I think a lot of bands are influenced by religious symbolism and not even necessarily Christianity or Catholicism. Our band definitely doesn’t follow any of those. It’s more of the aesthetic. The art, the way it works. The initial name of the band was going to be Holy Ghost. But at the last minute, another band came out with the name, so Shaun suggested Crosses. It’s a very strong symbol. Three crosses is great. It’s great to look at, there’s three of us in the band.
You have a song called “telepathy,” and some songs reference the occult. Do you believe in those things?
Oh, definitely. I’m definitely into all those things. All of us are. It’s an exciting thing to research and get into. Religion, in any form, is always interesting to me because of how powerful it is. Not even the religion itself, but to the people that follow it. . . The effect that it has had on people’s minds.
Do you ever experience that kind of thing?
Yeah, on a daily basis! Déjà vu is one of the weirdest things that happens to me. It boggles my mind. Maybe six months ago, I woke up and then remembered doing the exact same thing that I was doing, while I was doing it! It’s usually something silly, like making toast. It doesn’t have to be anything serious. It’s just like, “Wow, I did this before!” And you feel thrown back into that time. It just shows that the mind is more powerful than we know.
For a little while, you were getting some blowback from listeners that wanted you to do just metal. Have you done enough non-metal projects now that people don’t always expect heavier music from you?
I like to think that people understand what I’m doing. I don’t want to have to do one thing. With Deftones, I’m pretty secure. So, I don’t have to do any of these projects. But, they’re fun, so why not? I hope that people appreciate it. It’s better than sitting around and playing video games or whatever.
What’s next with the Deftones?
We just finished a tour, so we’re gonna take the rest of the year off. We’re gonna start writing some music early next year. I just moved to Oregon and Stephen is down in L.A. and Abe and Frank are in Sacramento, and Sergio is in Europe.

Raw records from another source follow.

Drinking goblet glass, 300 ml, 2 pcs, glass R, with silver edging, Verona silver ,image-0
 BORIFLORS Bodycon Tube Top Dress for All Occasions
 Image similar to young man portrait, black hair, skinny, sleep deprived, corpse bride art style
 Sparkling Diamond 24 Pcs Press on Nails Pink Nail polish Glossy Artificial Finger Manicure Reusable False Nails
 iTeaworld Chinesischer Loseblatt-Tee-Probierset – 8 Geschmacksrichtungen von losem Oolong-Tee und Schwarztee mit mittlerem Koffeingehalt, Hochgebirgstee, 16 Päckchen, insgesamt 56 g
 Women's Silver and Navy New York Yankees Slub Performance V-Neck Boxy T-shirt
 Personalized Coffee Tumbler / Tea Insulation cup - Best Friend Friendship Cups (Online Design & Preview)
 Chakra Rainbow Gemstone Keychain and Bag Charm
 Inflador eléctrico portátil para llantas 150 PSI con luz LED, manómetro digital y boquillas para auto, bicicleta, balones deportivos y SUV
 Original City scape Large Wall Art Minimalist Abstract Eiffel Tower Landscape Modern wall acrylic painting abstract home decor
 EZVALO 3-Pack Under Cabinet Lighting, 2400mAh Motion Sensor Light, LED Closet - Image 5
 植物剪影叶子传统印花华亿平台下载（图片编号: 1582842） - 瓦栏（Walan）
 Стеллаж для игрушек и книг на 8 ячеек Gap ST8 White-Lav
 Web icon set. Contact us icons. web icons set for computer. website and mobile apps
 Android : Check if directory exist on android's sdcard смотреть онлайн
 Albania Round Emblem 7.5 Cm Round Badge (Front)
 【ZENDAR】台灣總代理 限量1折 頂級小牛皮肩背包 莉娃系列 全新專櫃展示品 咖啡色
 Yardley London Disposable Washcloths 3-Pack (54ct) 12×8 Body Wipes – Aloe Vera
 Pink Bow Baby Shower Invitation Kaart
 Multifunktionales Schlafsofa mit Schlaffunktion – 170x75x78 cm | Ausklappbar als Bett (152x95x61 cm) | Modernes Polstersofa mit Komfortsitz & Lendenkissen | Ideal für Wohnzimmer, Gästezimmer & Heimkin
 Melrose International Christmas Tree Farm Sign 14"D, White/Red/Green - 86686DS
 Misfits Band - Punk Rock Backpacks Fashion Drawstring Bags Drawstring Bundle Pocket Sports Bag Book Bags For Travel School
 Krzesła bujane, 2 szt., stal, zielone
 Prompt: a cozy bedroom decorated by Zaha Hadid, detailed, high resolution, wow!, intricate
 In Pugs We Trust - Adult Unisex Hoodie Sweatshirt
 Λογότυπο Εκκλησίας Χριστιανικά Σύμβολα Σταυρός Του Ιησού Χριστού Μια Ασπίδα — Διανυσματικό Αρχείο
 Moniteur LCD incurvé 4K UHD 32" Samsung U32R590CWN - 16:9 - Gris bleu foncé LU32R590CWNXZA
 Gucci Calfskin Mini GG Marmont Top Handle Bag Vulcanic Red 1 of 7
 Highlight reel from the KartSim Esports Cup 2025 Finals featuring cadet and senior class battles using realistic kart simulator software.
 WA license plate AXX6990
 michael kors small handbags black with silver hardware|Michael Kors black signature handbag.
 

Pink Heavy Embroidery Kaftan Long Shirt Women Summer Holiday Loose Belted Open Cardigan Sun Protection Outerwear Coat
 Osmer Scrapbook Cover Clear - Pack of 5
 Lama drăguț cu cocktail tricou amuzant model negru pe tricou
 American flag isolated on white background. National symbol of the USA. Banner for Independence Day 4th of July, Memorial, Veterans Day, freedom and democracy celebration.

The idea is to just get together. The last couple records, we just threw ourselves into a small room and started playing. We just work organically, which I think works better than me writing a song and saying, “Hey guys, learn this.” Hopefully in February we’ll spend a couple weeks together, and just kind of get together and write music.
Deftones bassist Chi Cheng recently passed away, after spending several years in a semi-comatose state. Is your healing process still ongoing?
[Pauses.] He’ll always be thought about on a day-to-day basis. It’s not something that goes away, obviously. I think that when he did pass, it was very hard. It was five years where he was in a state where he couldn’t speak. He was existing, but not existing. He was here, but not here. It was very hard on us and it was really hard on him. I feel like with his passing, not to get back into the supernatural, he is more with us now then he was in the five years when he was stuck in that sort of in-between space. It’s a little bit of a relief because I know that he’s not suffering. There’s not a day that goes by that I don’t think of him.